● What the task requires
Exactly as they appear, print the line with "狗骨灰和权贵骨灰哪个好？宠物殡葬服务选择终极指南" and each line after it through the end of the entries below; leave out pictures.

(Records excerpted from a collection)

◆ ◆ ◆ ◆ ◆

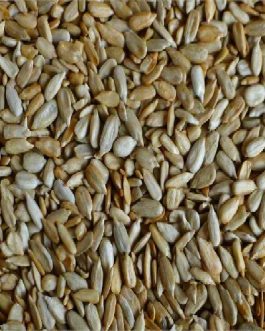 Woodstock Tamari Sunflower Seed (1x15lb)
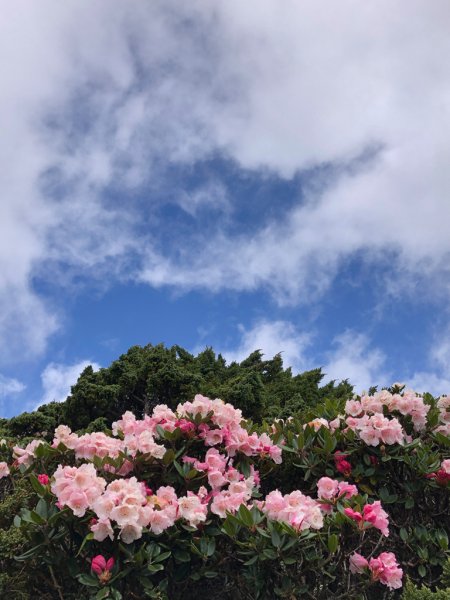 202505八大秀2874052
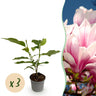 Magnolia soulangeana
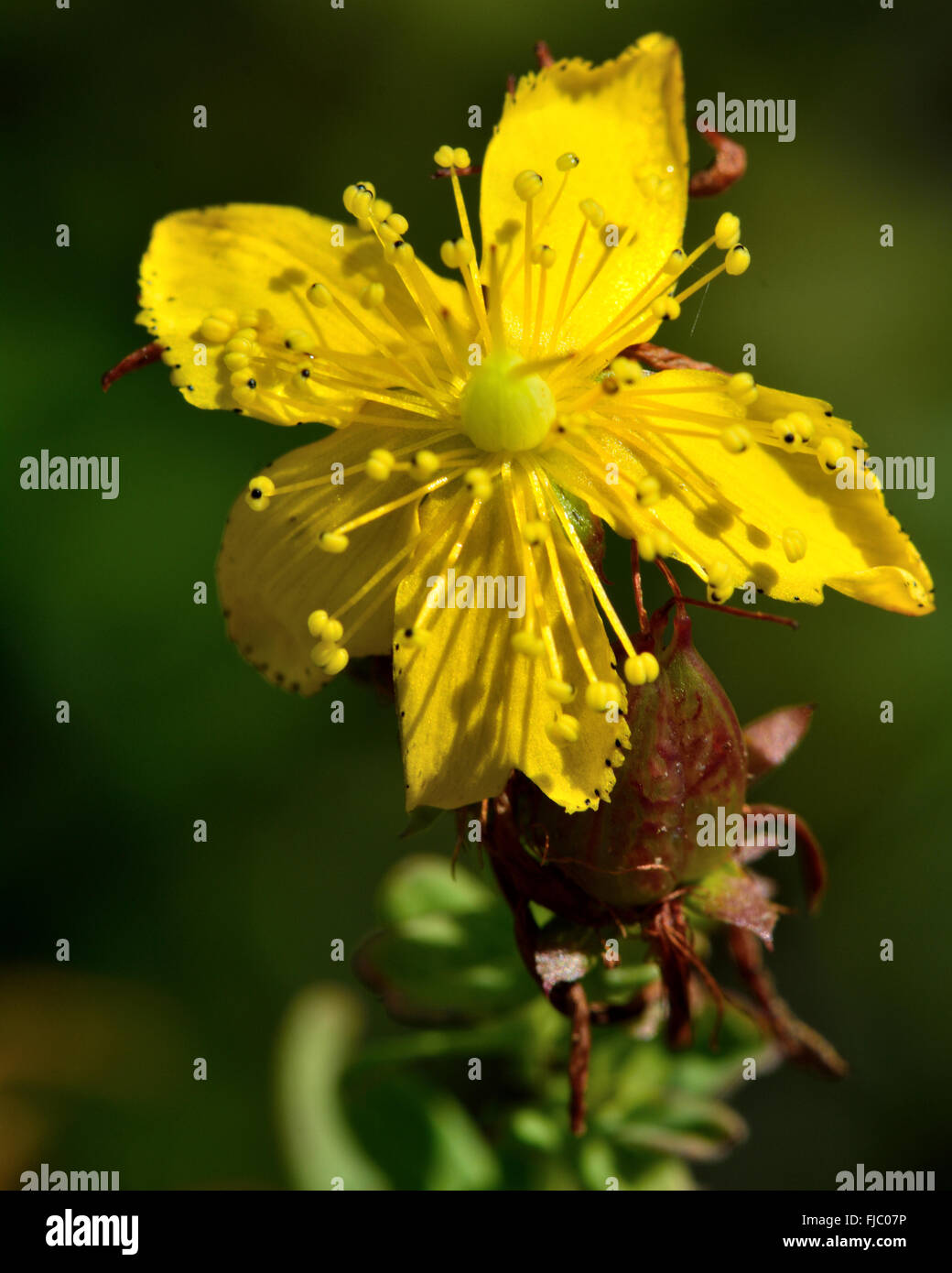 Perforare San Giovanni-wort (Hypericum perforatum). Un fiore giallo di un impianto nella famiglia Hypericaceae, crescendo in un prato Foto Stock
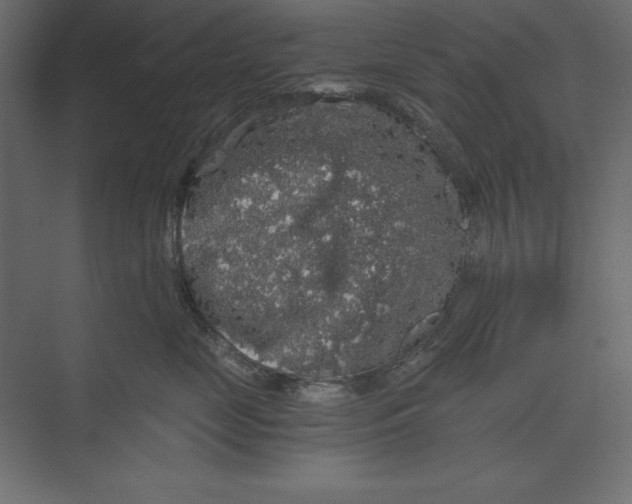 X0000073390669200608181005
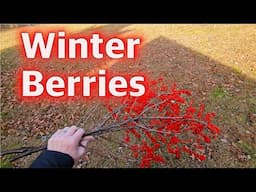 Berry Beauty in Winter: Gorgeous for You, Tasty for the Birds 🍓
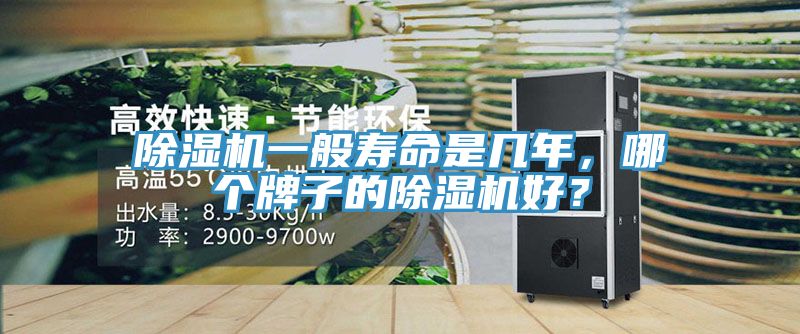 辣椒视频APP下载并安装一般寿命是几年，哪个牌子的辣椒视频APP下载并安装好？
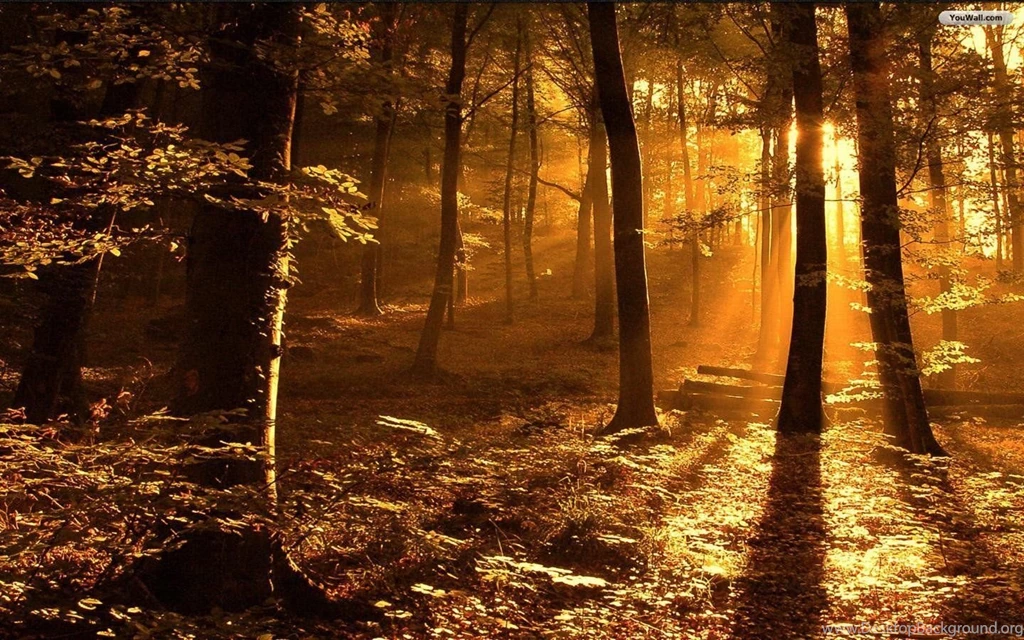 Autumn Backgrounds Wallpapers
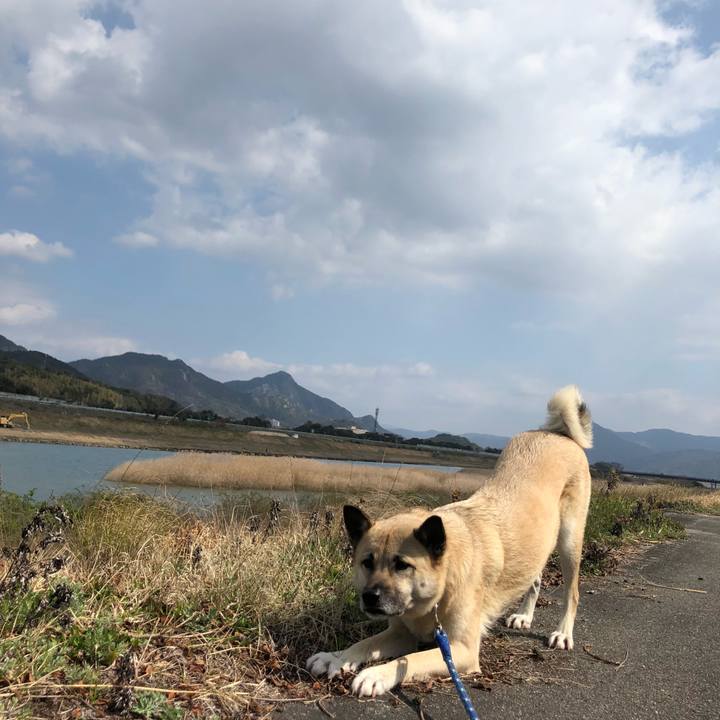 D8772233 aa06 40a4 b196 9ca99901d6b1 1584271729044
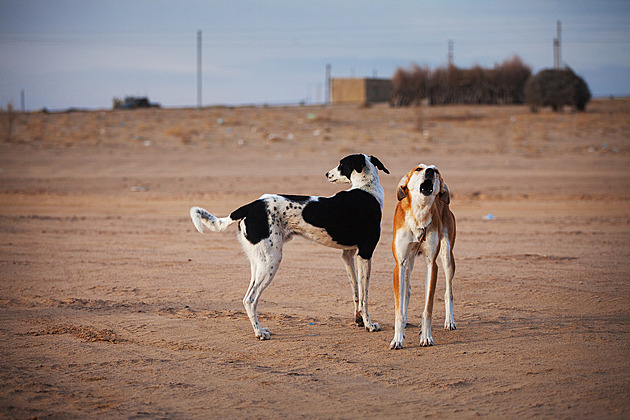 Turkmenistán brutálně vybíjí toulavé psy, oběťmi se stávají i mazlíčci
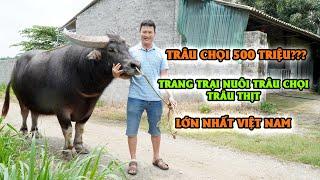 Thăm trang trại nuôi trâu chọi, trâu thịt tiền tỷ tại Hải Dương || Kỹ thuật nuôi trâu làm giàu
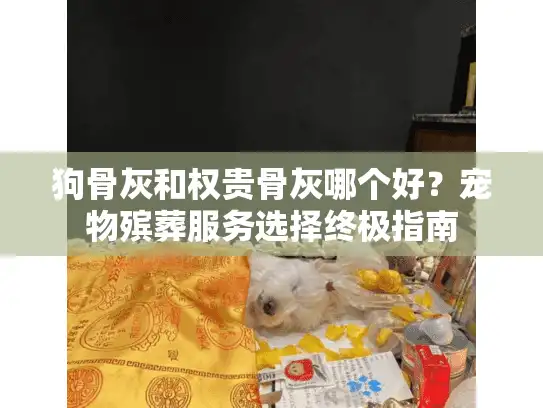 狗骨灰和权贵骨灰哪个好？宠物殡葬服务选择终极指南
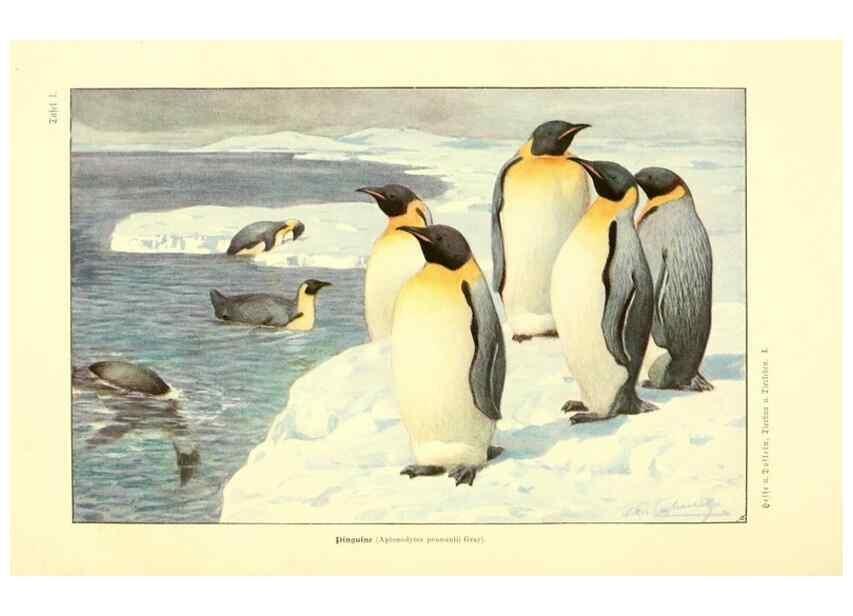Reproducción/Reproduction 9417974384: Tierbau und tierleben in ihrem zusammenhang betrachtet. Leipzig, und BerlinB. G. Teubner,1910-14.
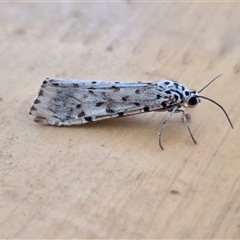 Utetheisa (genus) at Yass River, NSW - 17 Oct 2025 02:48 PM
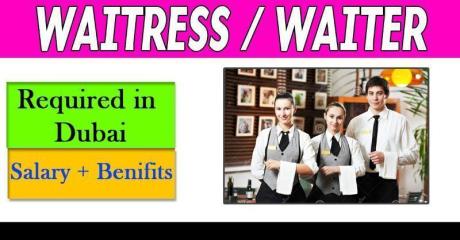 Waitress / Waiter Required in Dubai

◆ ◆ ◆ ◆ ◆

● Solution for this problem
 狗骨灰和权贵骨灰哪个好？宠物殡葬服务选择终极指南
Reproducción/Reproduction 9417974384: Tierbau und tierleben in ihrem zusammenhang betrachtet. Leipzig, und BerlinB. G. Teubner,1910-14.
 Utetheisa (genus) at Yass River, NSW - 17 Oct 2025 02:48 PM
 Waitress / Waiter Required in Dubai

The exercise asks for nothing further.